GrC is an effective method for simulating problem-solving thinking of human and processing analysis tasks of big data. It abstracts and divides complex problems into several simpler ones, which helps to better analyze and solve problems. Combining granular computing with ensemble learning to solve regression problems is a good idea.

As the first of the four main research directions in machine learning, ensemble learning learns several different single learners on the training dataset and then combines the respective prediction results as the final output one. Therefore, in most cases, it can perform better than a single learner on generalization and stability [1]. The weak learner can be upgraded to a strong learner is one of the main theoretical foundations of ensemble learning. Kearns and Valiant gave the concepts of weak learning and strong learning from the perspective of classification problems [2]. Avnimelech and Intrator introduced the above concepts into the regression problem and gave a proof of the equivalence of the strong and weak learning of the one [3]. Another major theoretical basis for ensemble learning is the “No free lunch” theory proposed by Wolpert [4]. The implementation method of ensemble learning has received extensive attention from researchers and has achieved some research results. These results can be summarized into two categories: one is the direct strategy and the other is the overproduce and choose approach. Liu and his colleagues proposed an ensemble learning method via negative correlation learning [5]. Fang et al. proposed a selective boosting ensemble learning algorithm [6]. Breiman obtained multiple different training datasets by repeatedly sampling the original sample dataset [7]. Schapire proposed the boosting method, whose main idea is to continuously strengthen the learning of “difficult samples” in the iterative learning process [8]. Ho presented the random subspace method that uses different subsets of the feature space to train and generate multiple learners [9]. This method is different from bootstrap sampling, boosting, and cross-validation approaches and emphasizes the differences between different feature subsets. Breiman designed the output smearing method for regression problems.

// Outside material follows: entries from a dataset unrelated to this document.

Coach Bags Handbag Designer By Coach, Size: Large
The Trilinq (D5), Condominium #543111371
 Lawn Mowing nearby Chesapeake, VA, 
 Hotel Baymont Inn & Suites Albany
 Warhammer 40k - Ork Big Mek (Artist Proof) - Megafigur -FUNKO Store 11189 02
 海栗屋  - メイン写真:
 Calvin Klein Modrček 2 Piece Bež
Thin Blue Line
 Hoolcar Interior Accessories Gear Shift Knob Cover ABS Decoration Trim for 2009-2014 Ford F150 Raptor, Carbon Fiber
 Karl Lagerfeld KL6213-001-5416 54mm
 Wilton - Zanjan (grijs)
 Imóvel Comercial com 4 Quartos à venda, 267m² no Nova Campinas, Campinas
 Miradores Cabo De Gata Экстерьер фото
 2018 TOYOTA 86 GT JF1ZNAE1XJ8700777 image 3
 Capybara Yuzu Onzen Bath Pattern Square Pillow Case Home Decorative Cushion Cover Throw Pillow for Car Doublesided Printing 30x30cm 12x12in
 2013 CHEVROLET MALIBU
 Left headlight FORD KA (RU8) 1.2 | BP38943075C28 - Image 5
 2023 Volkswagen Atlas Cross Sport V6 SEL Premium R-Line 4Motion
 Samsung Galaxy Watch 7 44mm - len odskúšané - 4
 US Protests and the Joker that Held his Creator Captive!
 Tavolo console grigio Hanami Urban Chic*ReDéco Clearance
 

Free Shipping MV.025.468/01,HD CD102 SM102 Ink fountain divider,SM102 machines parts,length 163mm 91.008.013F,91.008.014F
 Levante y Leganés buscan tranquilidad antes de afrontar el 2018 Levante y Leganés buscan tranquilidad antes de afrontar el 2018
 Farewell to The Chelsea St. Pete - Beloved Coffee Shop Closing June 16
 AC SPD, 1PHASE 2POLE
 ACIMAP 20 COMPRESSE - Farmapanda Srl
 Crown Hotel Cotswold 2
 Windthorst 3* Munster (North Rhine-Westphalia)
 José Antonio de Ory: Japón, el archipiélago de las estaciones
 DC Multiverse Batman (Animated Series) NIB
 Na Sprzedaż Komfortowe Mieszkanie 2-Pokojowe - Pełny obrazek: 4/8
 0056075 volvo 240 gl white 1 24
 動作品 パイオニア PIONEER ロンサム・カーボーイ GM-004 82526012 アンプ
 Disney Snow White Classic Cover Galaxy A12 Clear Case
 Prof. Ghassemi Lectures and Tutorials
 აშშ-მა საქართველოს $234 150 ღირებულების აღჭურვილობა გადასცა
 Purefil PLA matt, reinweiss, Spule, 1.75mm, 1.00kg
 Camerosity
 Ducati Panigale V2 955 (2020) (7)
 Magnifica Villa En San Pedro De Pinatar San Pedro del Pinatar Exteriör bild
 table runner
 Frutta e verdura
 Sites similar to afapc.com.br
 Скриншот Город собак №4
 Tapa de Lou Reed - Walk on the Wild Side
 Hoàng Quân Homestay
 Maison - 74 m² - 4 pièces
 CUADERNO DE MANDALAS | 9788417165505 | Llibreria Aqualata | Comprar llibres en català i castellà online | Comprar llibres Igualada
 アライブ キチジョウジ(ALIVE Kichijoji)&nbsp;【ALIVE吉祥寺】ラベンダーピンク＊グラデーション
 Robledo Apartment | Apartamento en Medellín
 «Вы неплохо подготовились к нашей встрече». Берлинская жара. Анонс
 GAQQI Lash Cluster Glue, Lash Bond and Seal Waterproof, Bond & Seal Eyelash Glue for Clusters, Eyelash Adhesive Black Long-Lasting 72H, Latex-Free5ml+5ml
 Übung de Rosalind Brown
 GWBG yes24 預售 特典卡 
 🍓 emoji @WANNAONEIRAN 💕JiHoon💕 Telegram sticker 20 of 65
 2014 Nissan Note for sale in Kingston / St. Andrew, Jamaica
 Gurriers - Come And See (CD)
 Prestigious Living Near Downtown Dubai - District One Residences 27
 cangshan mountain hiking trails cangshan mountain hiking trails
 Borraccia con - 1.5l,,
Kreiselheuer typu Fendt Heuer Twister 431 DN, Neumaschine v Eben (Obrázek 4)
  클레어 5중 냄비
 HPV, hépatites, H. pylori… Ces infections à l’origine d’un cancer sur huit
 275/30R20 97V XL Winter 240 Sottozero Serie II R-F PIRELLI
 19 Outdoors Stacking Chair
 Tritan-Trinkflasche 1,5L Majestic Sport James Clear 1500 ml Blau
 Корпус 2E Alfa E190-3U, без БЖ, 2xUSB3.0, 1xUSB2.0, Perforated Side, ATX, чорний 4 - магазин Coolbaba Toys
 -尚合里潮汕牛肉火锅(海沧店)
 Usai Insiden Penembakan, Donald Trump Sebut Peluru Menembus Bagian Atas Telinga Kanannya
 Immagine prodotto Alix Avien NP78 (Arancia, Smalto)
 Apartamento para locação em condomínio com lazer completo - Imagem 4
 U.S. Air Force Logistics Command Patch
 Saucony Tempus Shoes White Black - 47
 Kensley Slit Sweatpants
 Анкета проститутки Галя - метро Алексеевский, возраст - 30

The primary thought is to inject Gaussian noise into the output variable [10]. The same method is also used to manipulate input variables [11]. Gheyas and Simith presented a dynamic weighted combination method, which is to dynamically adjust the corresponding weights through the predictive performance of the individual learner [12]. The research of ensemble learning on regression problems started late, and there are relatively few research results in applications, such as power load forecasting [13, 14].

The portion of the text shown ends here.